▶ Dataset records:
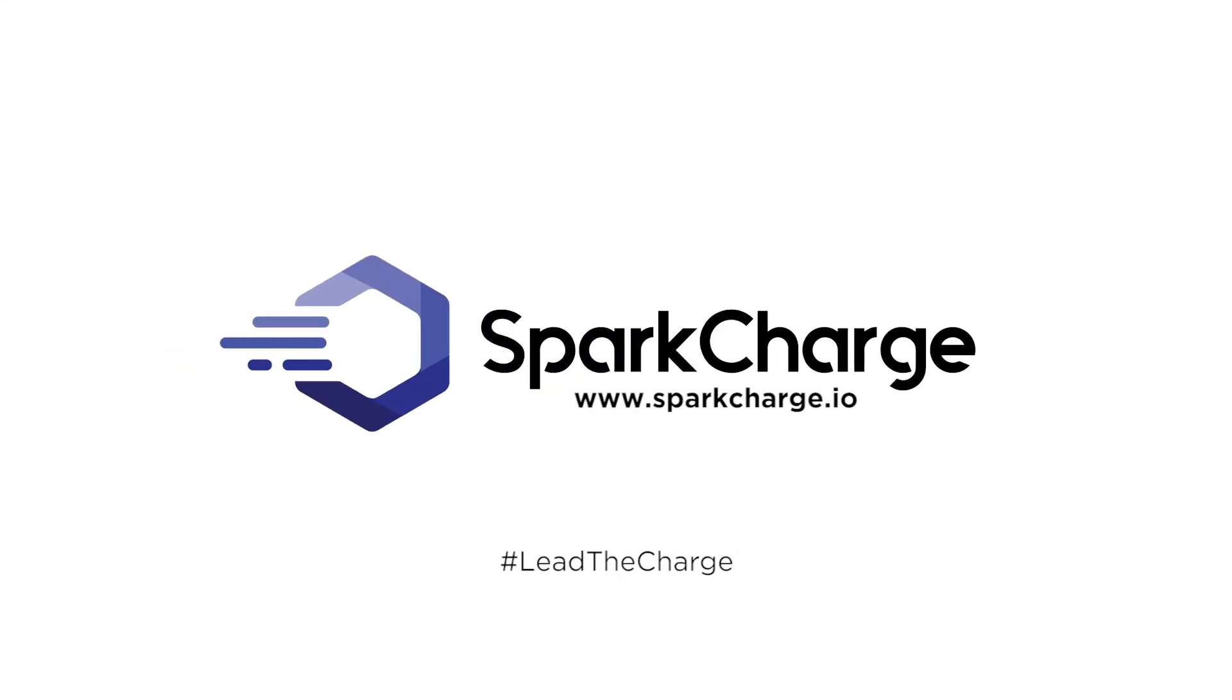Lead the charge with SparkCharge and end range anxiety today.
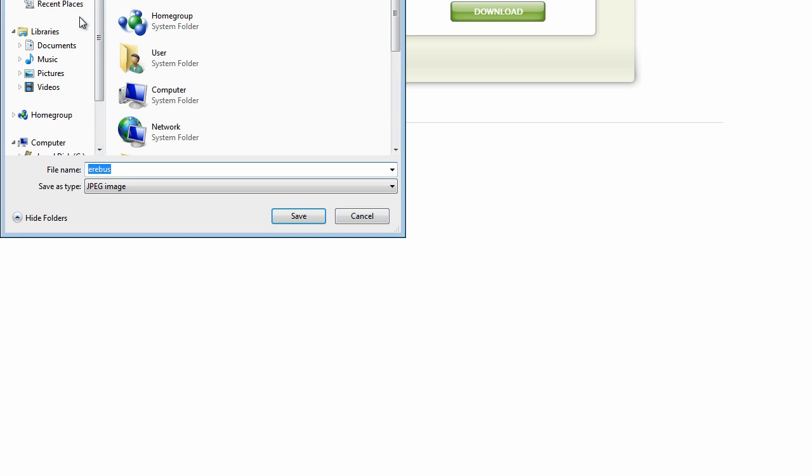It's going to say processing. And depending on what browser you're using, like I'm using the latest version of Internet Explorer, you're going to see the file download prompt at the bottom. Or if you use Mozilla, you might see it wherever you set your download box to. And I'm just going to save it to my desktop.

---

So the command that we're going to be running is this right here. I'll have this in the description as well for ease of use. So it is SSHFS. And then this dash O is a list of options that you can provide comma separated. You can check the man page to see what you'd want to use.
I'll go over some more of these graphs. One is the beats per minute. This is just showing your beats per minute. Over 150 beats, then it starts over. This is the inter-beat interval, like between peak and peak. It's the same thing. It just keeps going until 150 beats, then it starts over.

* * *

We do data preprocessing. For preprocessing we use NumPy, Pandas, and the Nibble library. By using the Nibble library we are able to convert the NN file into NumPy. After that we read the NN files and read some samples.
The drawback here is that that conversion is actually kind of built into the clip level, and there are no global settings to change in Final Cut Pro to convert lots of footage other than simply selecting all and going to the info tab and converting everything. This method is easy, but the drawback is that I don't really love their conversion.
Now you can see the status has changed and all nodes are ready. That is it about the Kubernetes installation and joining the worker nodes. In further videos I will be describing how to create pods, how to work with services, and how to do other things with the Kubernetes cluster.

▶ Work request: Using the data above, which lines fall from the one with "Lead the charge" through the one with "It's going to"? Repeat them exactly, ends included, minus any pictures.

▶ Solution to the problem:
Lead the charge with SparkCharge and end range anxiety today.
It's going to say processing. And depending on what browser you're using, like I'm using the latest version of Internet Explorer, you're going to see the file download prompt at the bottom. Or if you use Mozilla, you might see it wherever you set your download box to. And I'm just going to save it to my desktop.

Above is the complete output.